Fiat Dino: Fiat kılığına girmiş Ferrari
Fiat Dino şüphesiz bu listedeki en saf örnektir. Rekabet homologasyonu ihtiyacından doğan bu araç, Formula 2 için tasarlanmış bir Ferrari V6'ya sahiptir. Coupé ve spider olarak sunulan Dino, Fiat rozeti altında olağanüstü bir mekanik deneyim sunuyor.
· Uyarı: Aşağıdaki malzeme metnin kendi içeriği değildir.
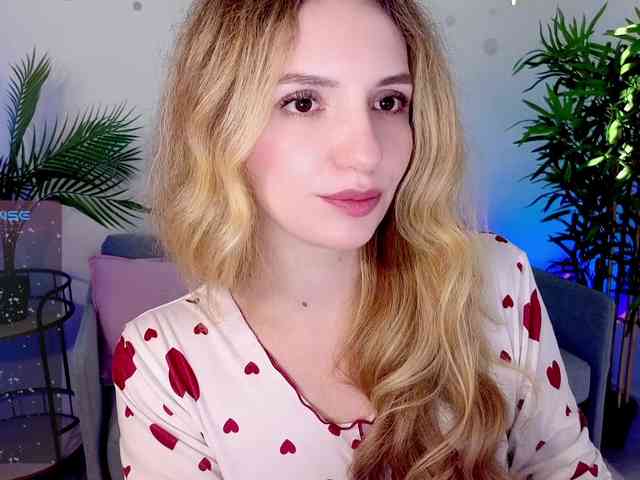 Kris_honey webcam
Enzo Ferrari'nin oğluna saygı olarak adlandırılan motoru, Ferrari markalı Dino'ya güç vermeden çok önce Maranello tarihinin önemli bir parçasıydı.
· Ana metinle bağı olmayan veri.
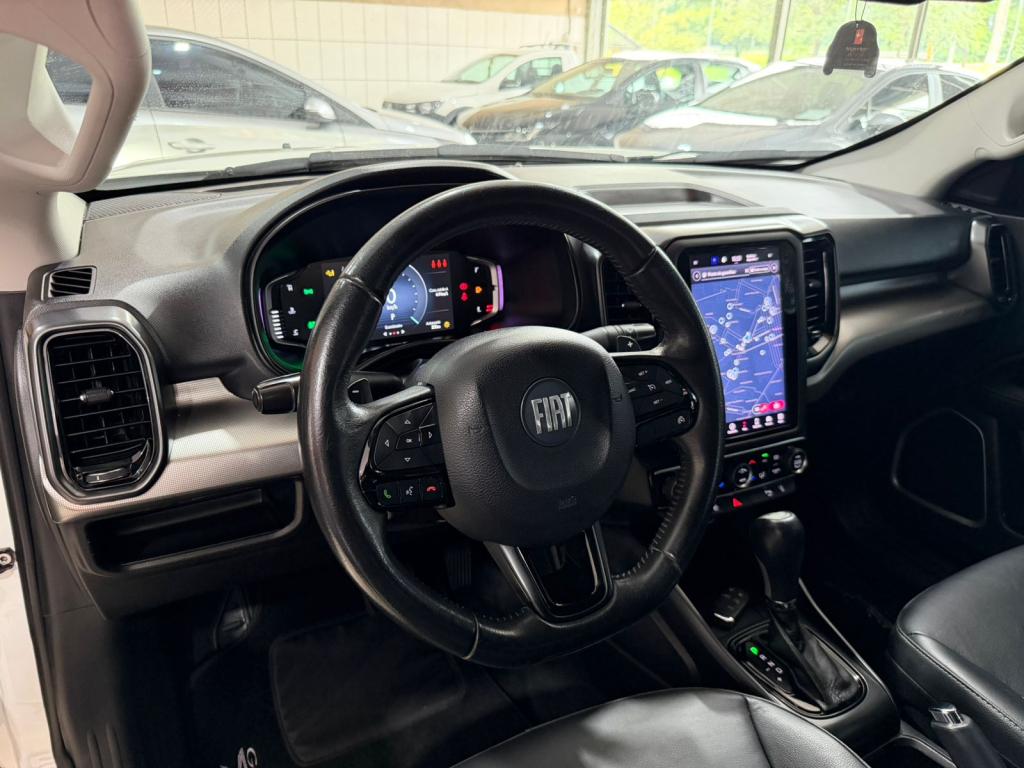 FIAT Toro - Foto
Lancia Stratos: nihai ralli silahı
Stratos bir efsanedir ve motorunun bununla çok ilgisi vardır. Marcello Gandini tarafından tasarlanan bir gövdeye merkezi bir konumda yerleştirilmiş Dino Ferrari V6 kullanır. Ferrari başlangıçta bu modelin kendi otomobillerini gölgede bırakacağından korktu, ancak tarih Lancia'yı haklı çıkardı. Stratos, şimdiye kadar üretilen en ikonik ralli otomobillerinden biri ve Ferrari motorunun Ferrari dışındaki en saf ifadelerinden biri haline geldi.

Maserati MC12: bir efsane
MC12 muhtemelen bu listedeki en tartışmalı otomobil. Doğrudan Ferrari Enzo'dan türetilen bir V12 ile güçlendirilmiş olan bu araç teknik olarak bir Maserati'dir, ancak Ferrari ile neredeyse her şeyi paylaşmaktadır. Daha uzun, daha geniş ve rekabet homologasyonu için tasarlanmış olan MC12, resmi olarak hala bir Maserati'dir. Kılık değiştirmiş bir Ferrari, evet, ama zıplayan atı yok, işte bu yüzden buraya ait.

Giulia ve Stelvio eksik, ancak motor Termoli'de üretilse bile, temel hala Ferrari.
Bu V6 motoru kullanabilirdim çünkü Alfa Romeo tarafından önemli değişiklikler yapılmış ve Termoli'de üretilmiş bir Ferrari'ye dayanıyor. Kısacası, bu bir bonus!